▶ **Task to complete**:
All that is needed is an exact repetition of the lines from the one containing "Beautiful woman stand" through the final line of the material, without pictures.

▶ **Information provided**:
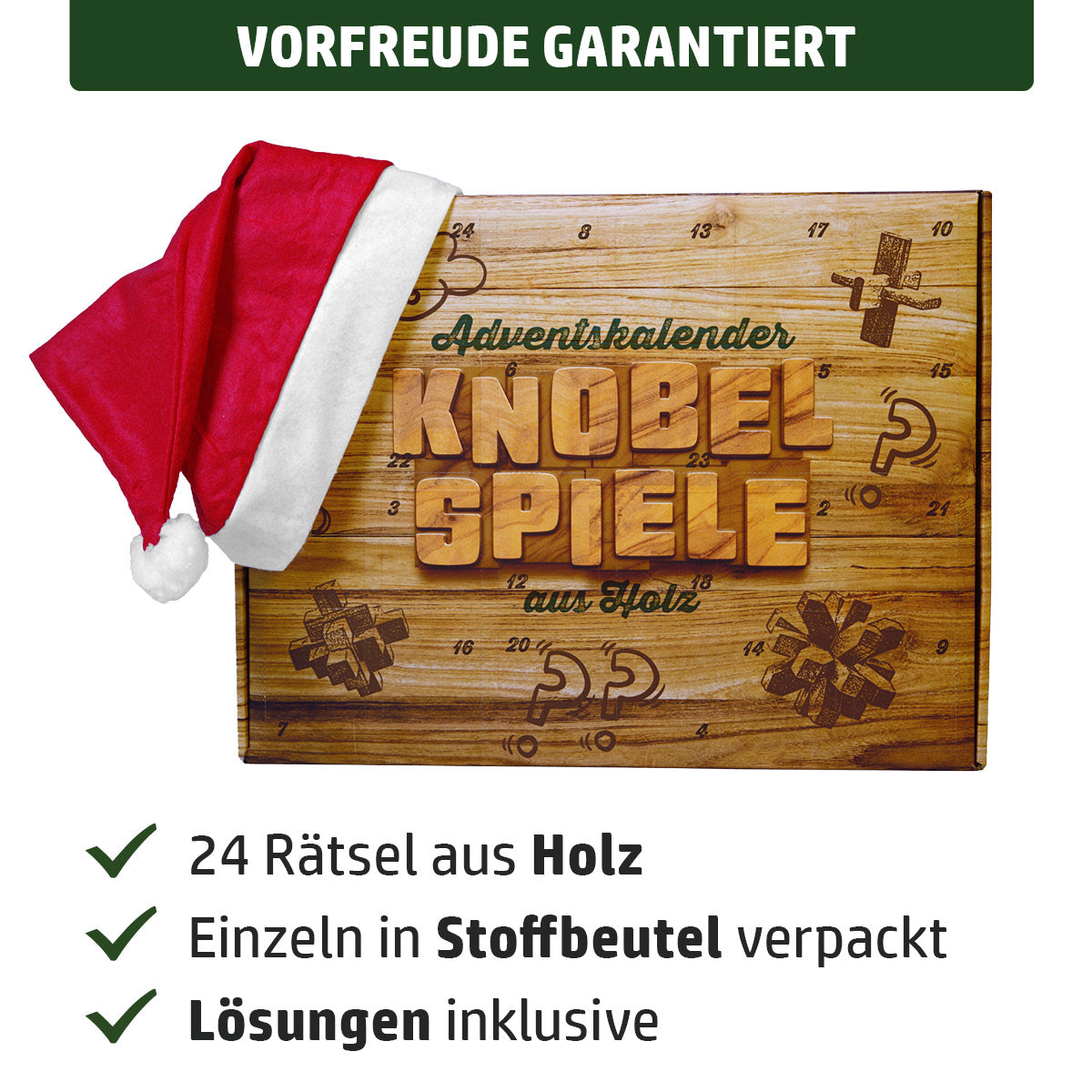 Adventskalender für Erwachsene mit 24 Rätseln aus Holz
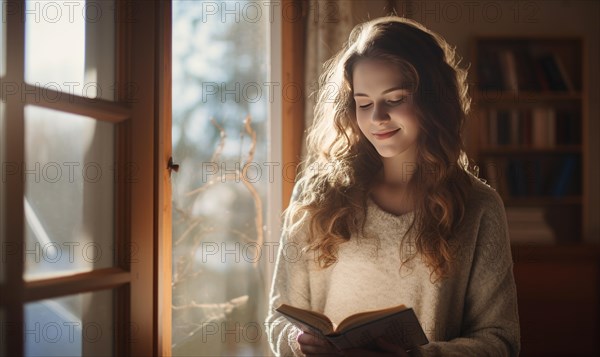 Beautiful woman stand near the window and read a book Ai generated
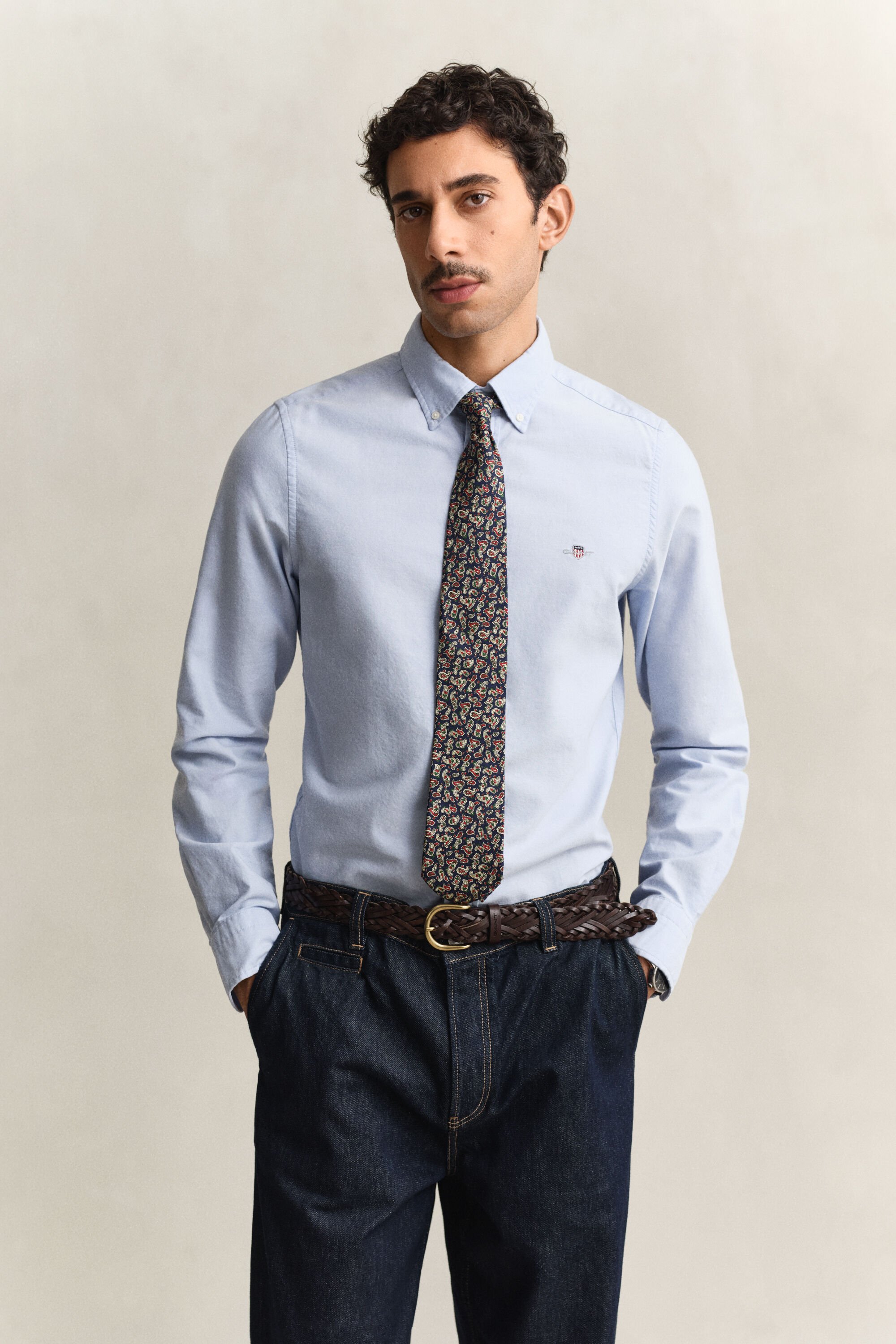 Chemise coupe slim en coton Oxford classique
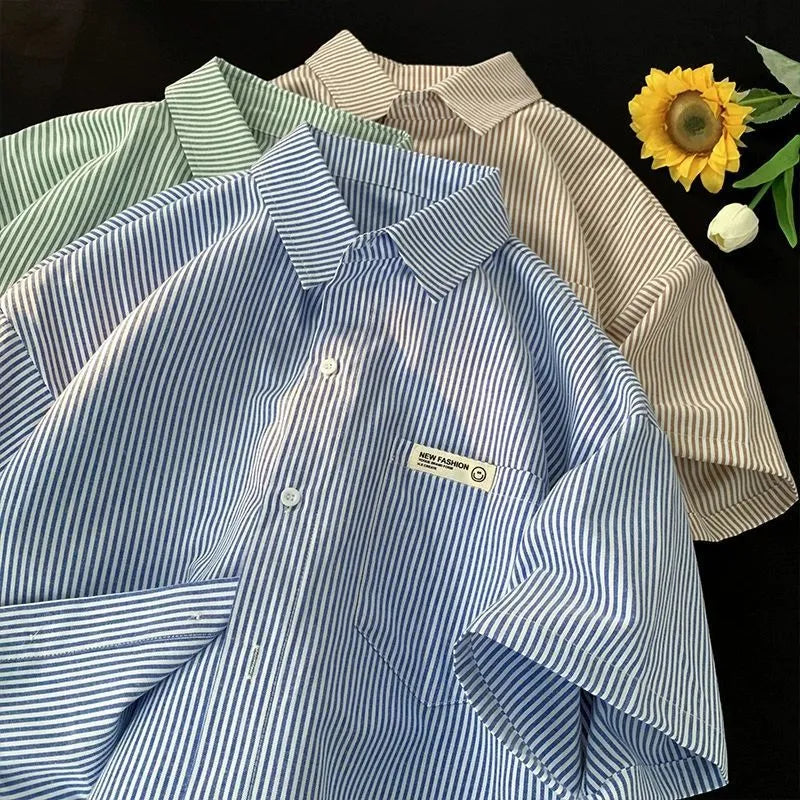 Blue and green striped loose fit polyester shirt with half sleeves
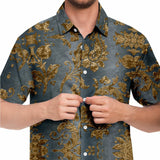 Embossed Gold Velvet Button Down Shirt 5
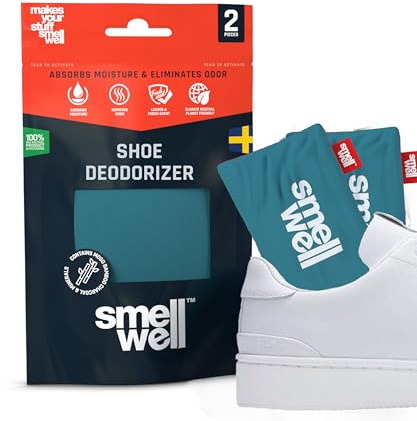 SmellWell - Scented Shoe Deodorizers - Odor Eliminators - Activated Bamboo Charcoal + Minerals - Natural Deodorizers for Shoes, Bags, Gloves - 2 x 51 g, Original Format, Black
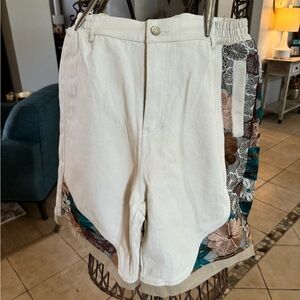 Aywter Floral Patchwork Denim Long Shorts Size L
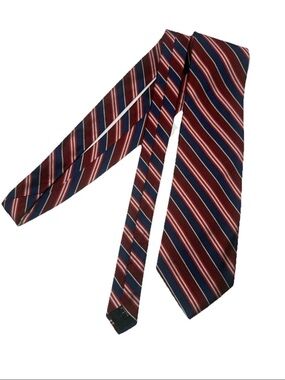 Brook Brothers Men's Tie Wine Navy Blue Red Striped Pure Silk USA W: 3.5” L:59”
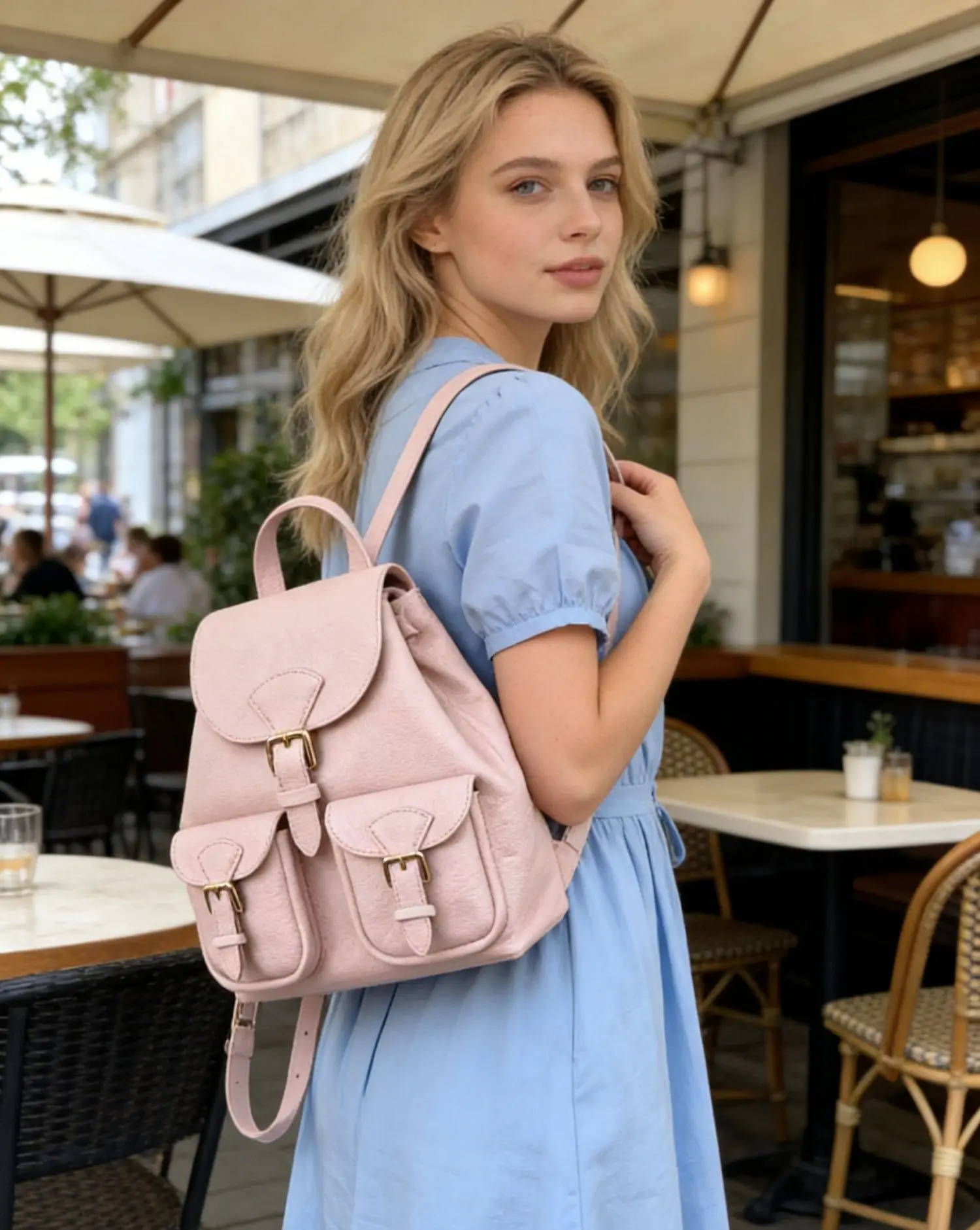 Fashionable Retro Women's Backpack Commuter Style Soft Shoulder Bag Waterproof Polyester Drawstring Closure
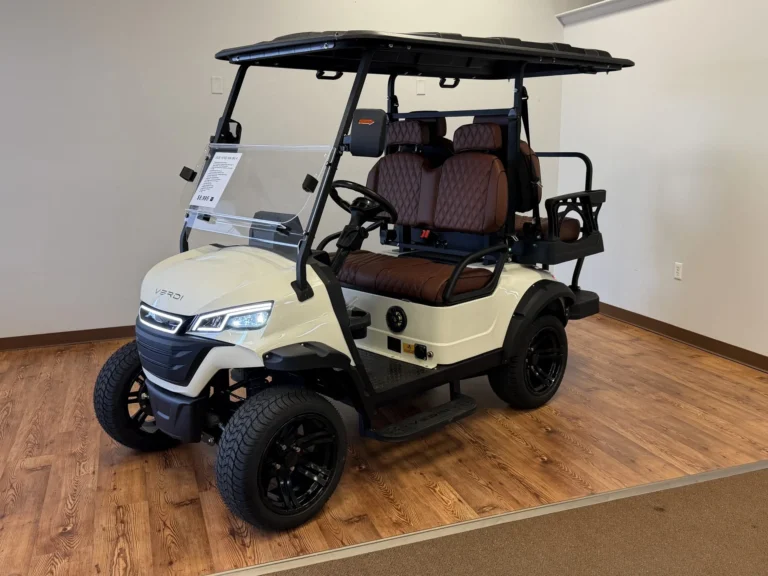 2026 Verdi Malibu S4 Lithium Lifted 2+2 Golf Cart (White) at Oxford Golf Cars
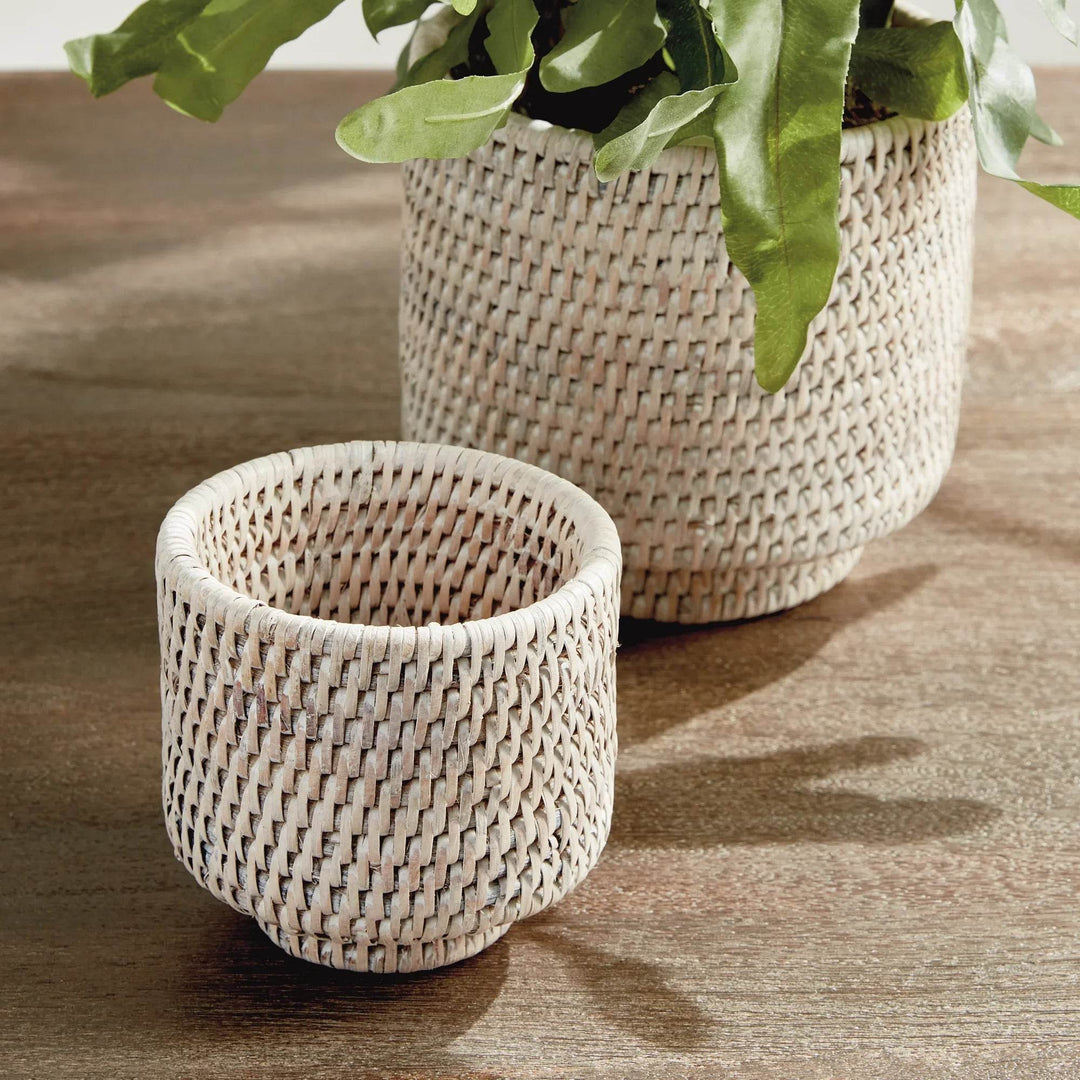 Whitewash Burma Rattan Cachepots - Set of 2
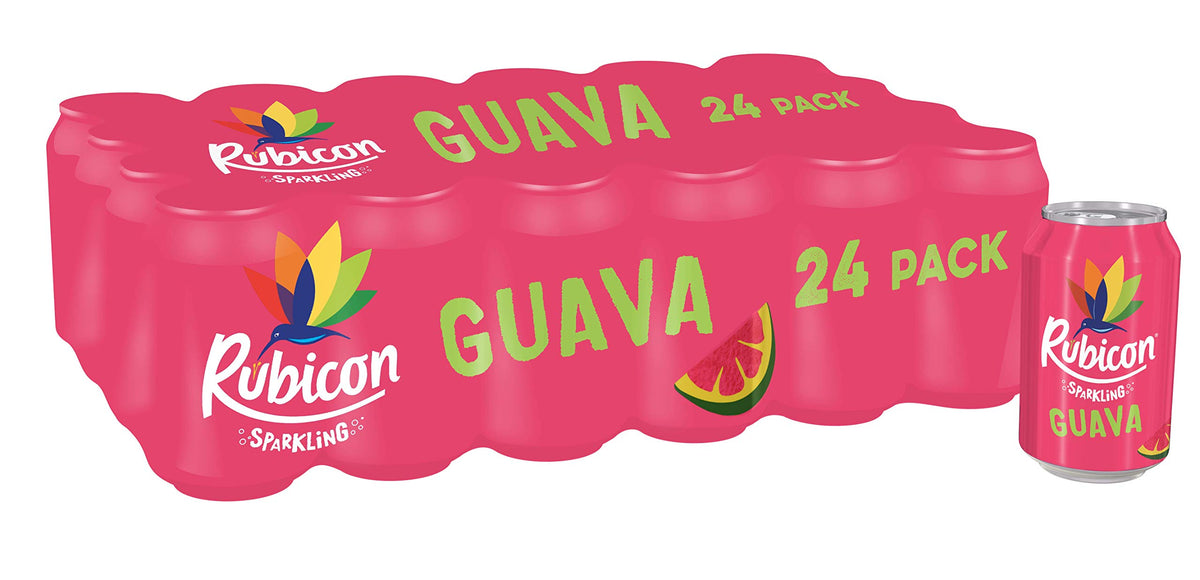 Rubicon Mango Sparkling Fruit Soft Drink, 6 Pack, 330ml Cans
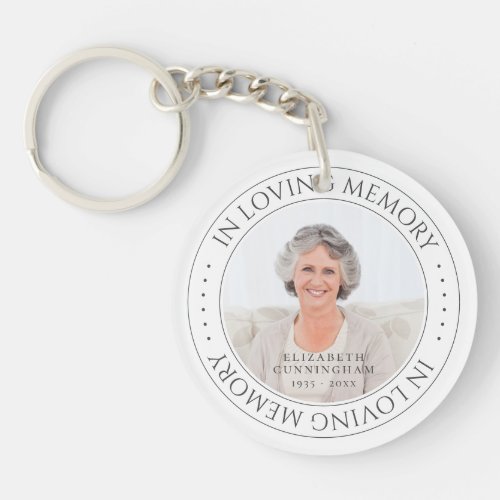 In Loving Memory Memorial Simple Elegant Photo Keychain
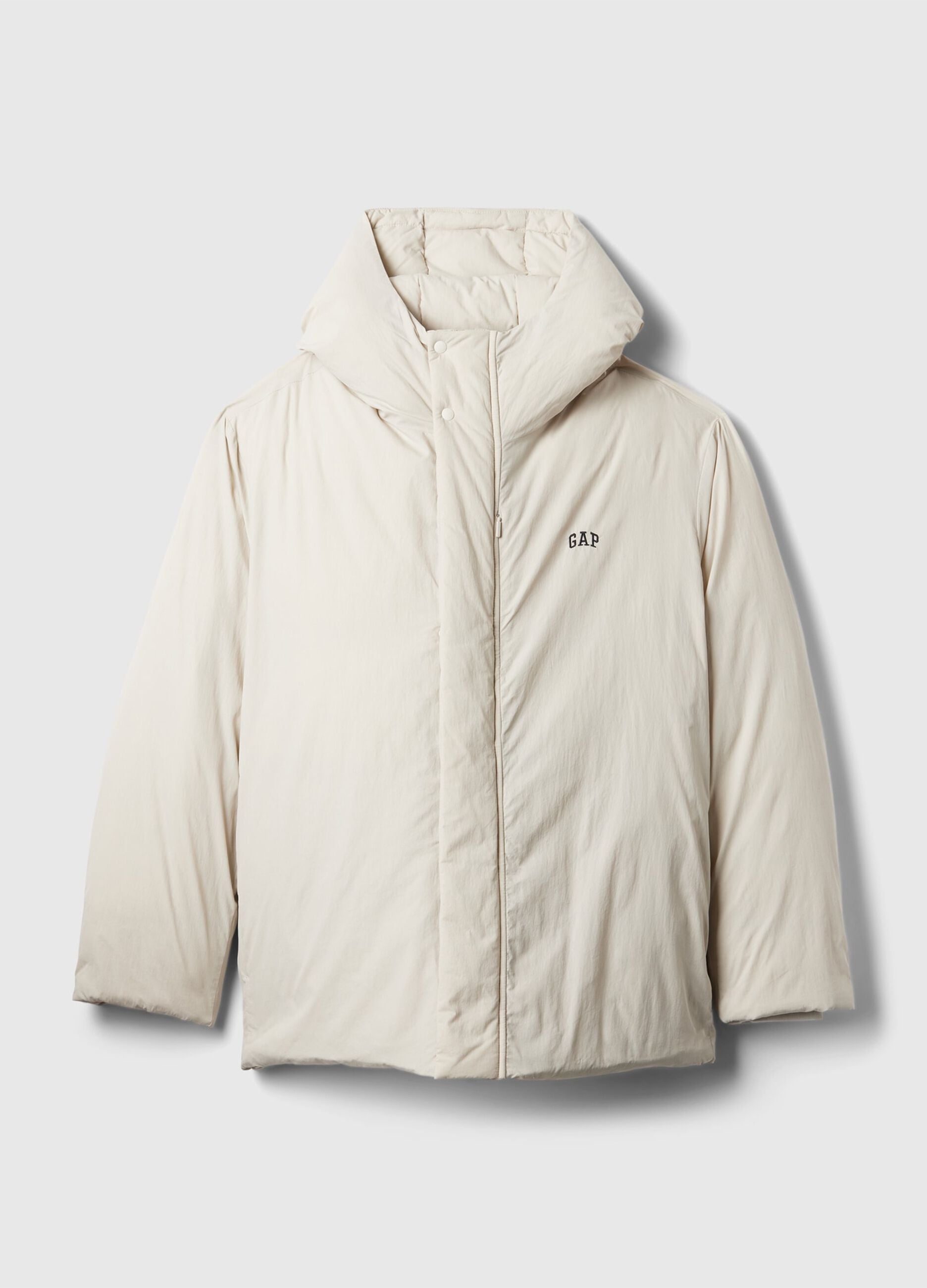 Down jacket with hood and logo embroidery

▶ **Your response**:
 Beautiful woman stand near the window and read a book Ai generated
 Chemise coupe slim en coton Oxford classique
 Blue and green striped loose fit polyester shirt with half sleeves
 Embossed Gold Velvet Button Down Shirt 5
 SmellWell - Scented Shoe Deodorizers - Odor Eliminators - Activated Bamboo Charcoal + Minerals - Natural Deodorizers for Shoes, Bags, Gloves - 2 x 51 g, Original Format, Black
 Aywter Floral Patchwork Denim Long Shorts Size L
 Brook Brothers Men's Tie Wine Navy Blue Red Striped Pure Silk USA W: 3.5” L:59”
 Fashionable Retro Women's Backpack Commuter Style Soft Shoulder Bag Waterproof Polyester Drawstring Closure
 2026 Verdi Malibu S4 Lithium Lifted 2+2 Golf Cart (White) at Oxford Golf Cars
 Whitewash Burma Rattan Cachepots - Set of 2
 Rubicon Mango Sparkling Fruit Soft Drink, 6 Pack, 330ml Cans
 In Loving Memory Memorial Simple Elegant Photo Keychain
 Down jacket with hood and logo embroidery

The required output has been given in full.